§ **Problem**
Give back all of the data exactly, with every picture omitted.

§ **Available data**
== Segment start ==
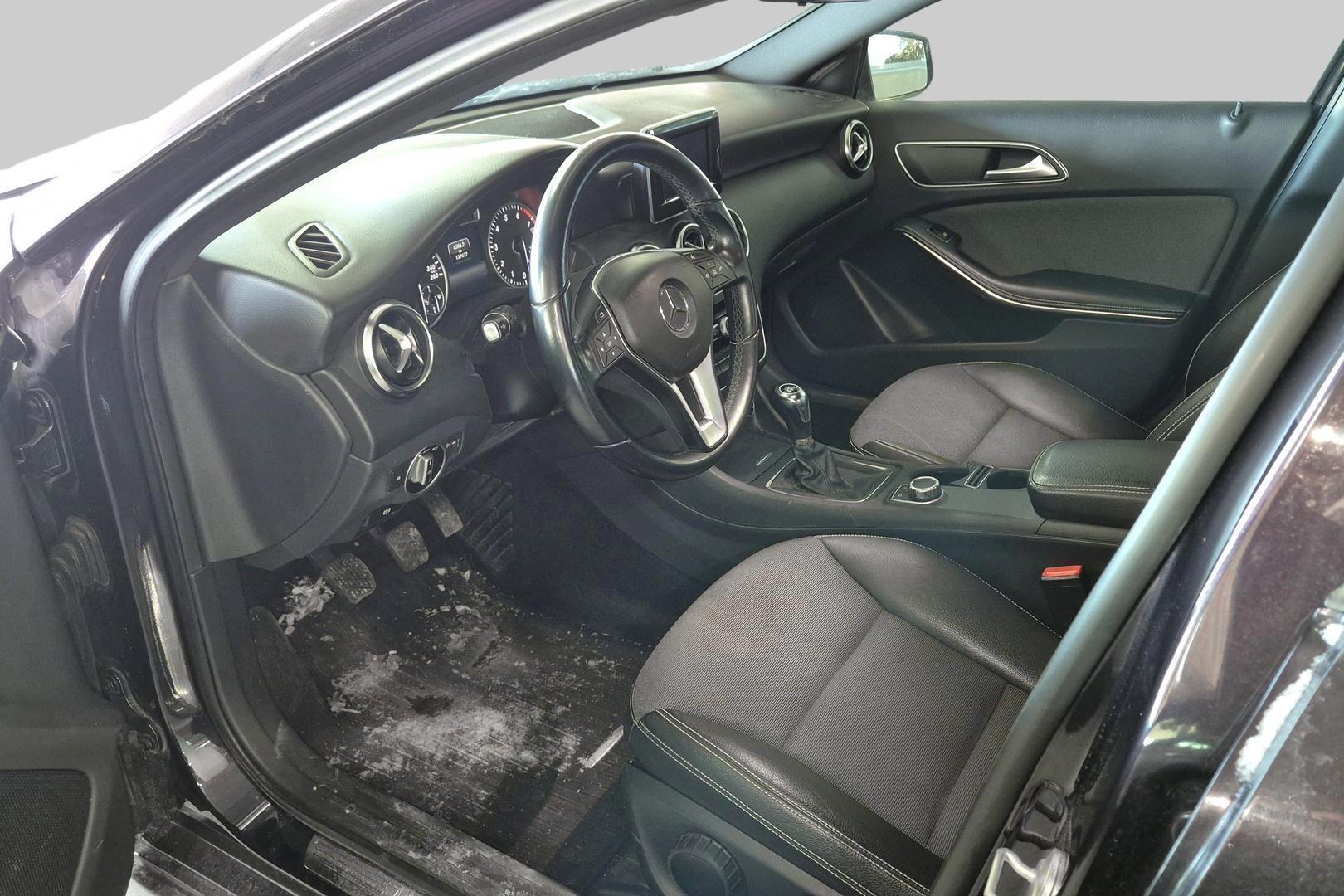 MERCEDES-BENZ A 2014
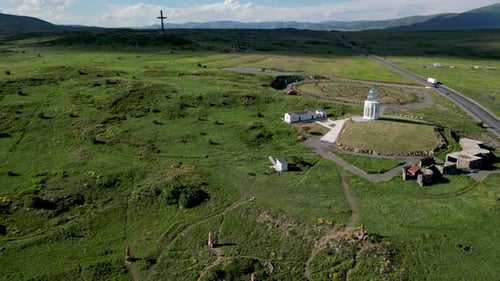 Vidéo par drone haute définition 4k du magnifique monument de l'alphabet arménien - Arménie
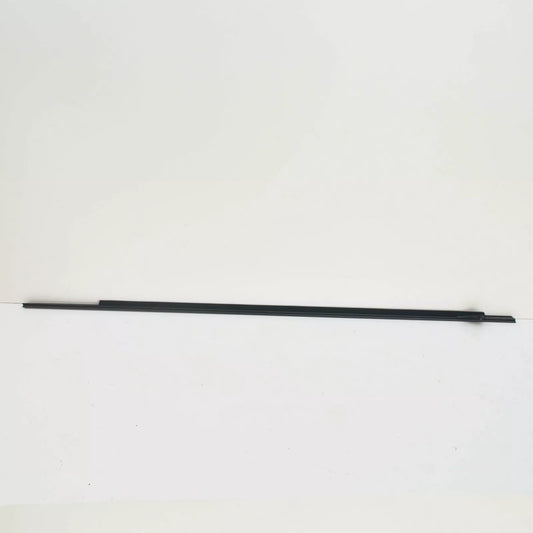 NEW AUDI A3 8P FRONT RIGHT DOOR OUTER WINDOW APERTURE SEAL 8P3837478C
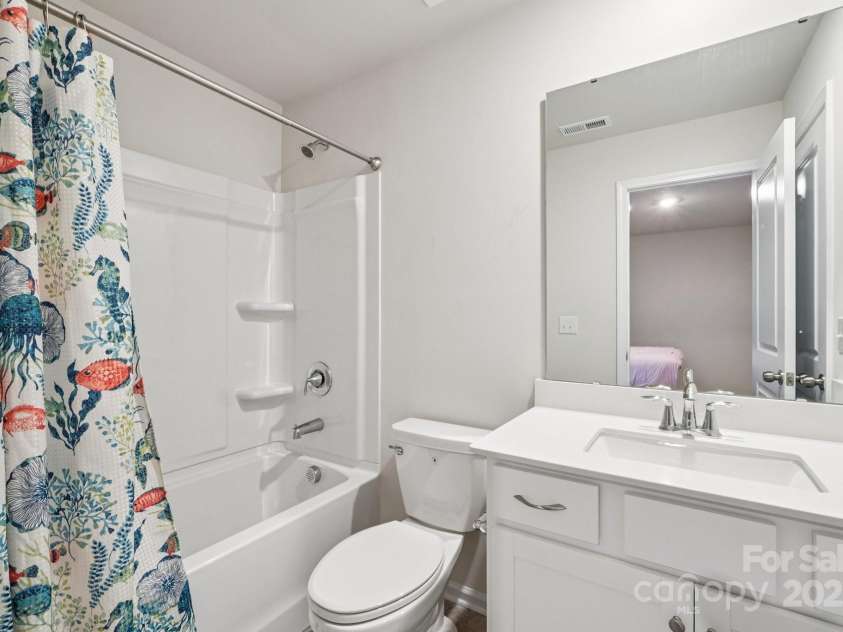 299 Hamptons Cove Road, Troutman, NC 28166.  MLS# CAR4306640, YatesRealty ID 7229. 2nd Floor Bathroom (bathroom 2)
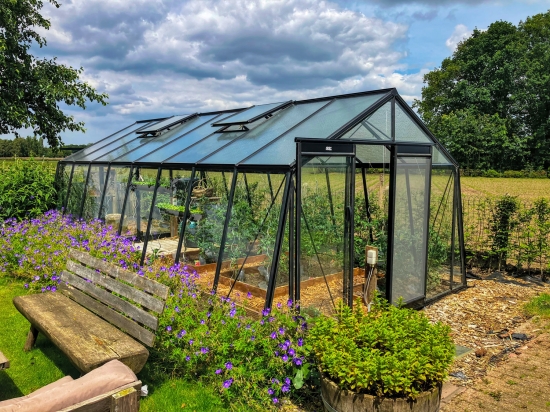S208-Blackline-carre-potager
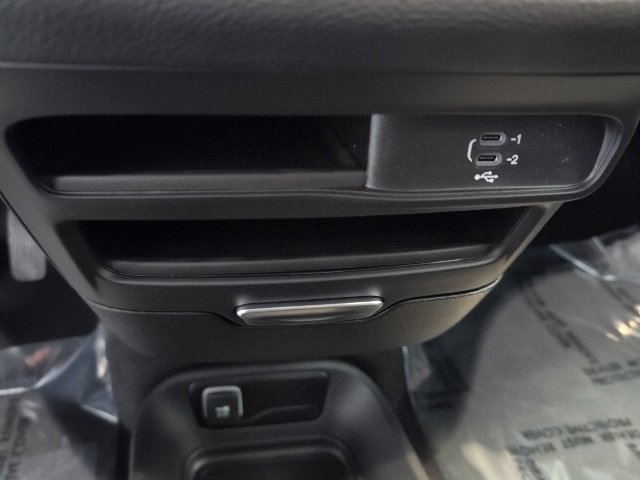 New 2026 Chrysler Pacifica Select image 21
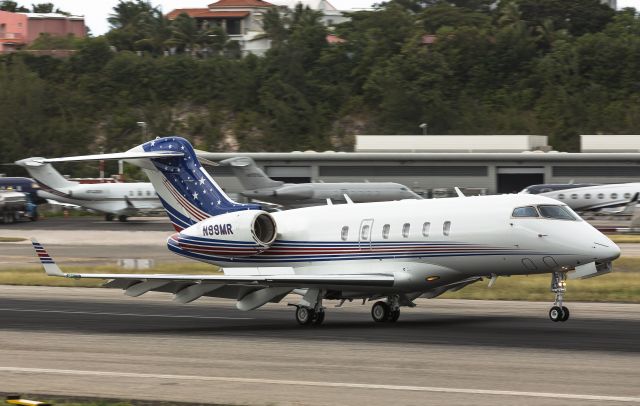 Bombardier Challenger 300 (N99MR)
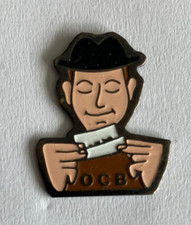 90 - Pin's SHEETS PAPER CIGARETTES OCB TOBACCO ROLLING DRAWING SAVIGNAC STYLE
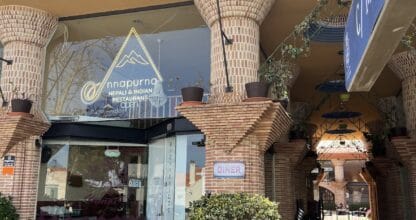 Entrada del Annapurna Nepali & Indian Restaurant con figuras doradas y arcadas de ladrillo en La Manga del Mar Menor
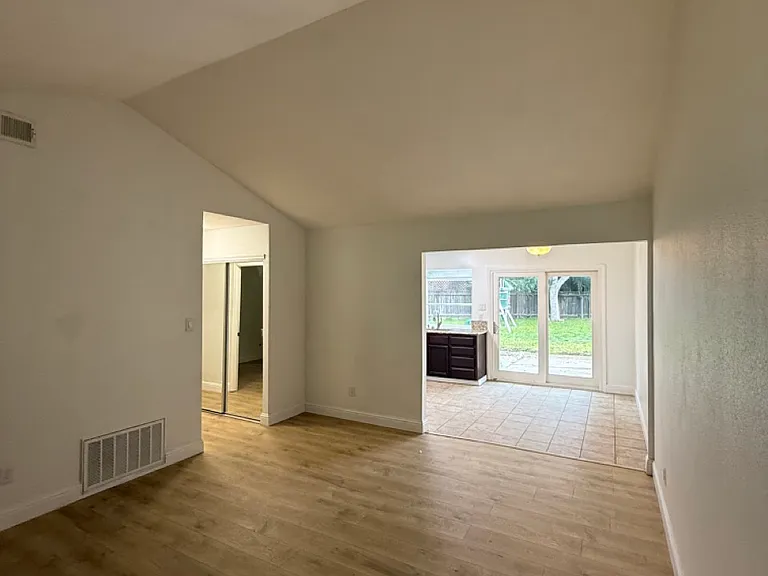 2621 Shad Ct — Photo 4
== Segment end ==
§ **Written answer**
 MERCEDES-BENZ A 2014
 Vidéo par drone haute définition 4k du magnifique monument de l'alphabet arménien - Arménie
 NEW AUDI A3 8P FRONT RIGHT DOOR OUTER WINDOW APERTURE SEAL 8P3837478C
 299 Hamptons Cove Road, Troutman, NC 28166.  MLS# CAR4306640, YatesRealty ID 7229. 2nd Floor Bathroom (bathroom 2)
S208-Blackline-carre-potager
 New 2026 Chrysler Pacifica Select image 21
 Bombardier Challenger 300 (N99MR)
 90 - Pin's SHEETS PAPER CIGARETTES OCB TOBACCO ROLLING DRAWING SAVIGNAC STYLE
 Entrada del Annapurna Nepali & Indian Restaurant con figuras doradas y arcadas de ladrillo en La Manga del Mar Menor
 2621 Shad Ct — Photo 4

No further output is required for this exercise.